The Twins experienced something completely new Wednesday. Well, except for Trevor May, to whom it felt all too familiar.
The Mets pummeled the mistake-prone Twins with a dozen runs over the final three innings and handed Minnesota a humbling 14-4 loss, its third in a row. That's the first time the Twins have suffered back-to-back-to-back losses this season, the first time in a decade a major league team had avoided such a brief slump for so long.
For May, though, the sudden skid felt much more personal. In two of them, he tried to sneak an 0-2 curveball past a power hitter and wound up surrendering a go-ahead home run instead.
"It's a gut punch when you feel so good, you're getting ahead of guys, you're making the pitches," May said of Dominic Smith's pinch-hit, three-run homer into the right-field planters, a shot that turned the Twins' 3-2 lead, due largely to a strong performance from Martin Perez, into a 5-3 deficit that quickly spiraled into double digits. "Sometimes they just earn it. Usually they don't earn it this many times in a row, though."
On Sunday, May had the same luck with an 0-2 curveball to Carlos Santana, a pitch that wound up deep in the right-field stands in Cleveland, turning a tie game into an Indians victory.

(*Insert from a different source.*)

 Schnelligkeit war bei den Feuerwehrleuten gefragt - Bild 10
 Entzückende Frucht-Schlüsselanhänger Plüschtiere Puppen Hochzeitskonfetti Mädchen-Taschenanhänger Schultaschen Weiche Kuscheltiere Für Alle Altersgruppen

"I can't lie and say it's not fresh in my mind," said May, who waited in front of his locker after the game to accept responsibility. "[It's] extremely frustrating because as a competitor, I have to have full conviction in that pitch, even if that's happened twice on two pitches."
How close was it to a swing-and-miss?
"I mean, an inch lower, maybe," May said. "He'd just swung through the same pitch. I was just fully, fully ready to strike him out and go on to the next guy."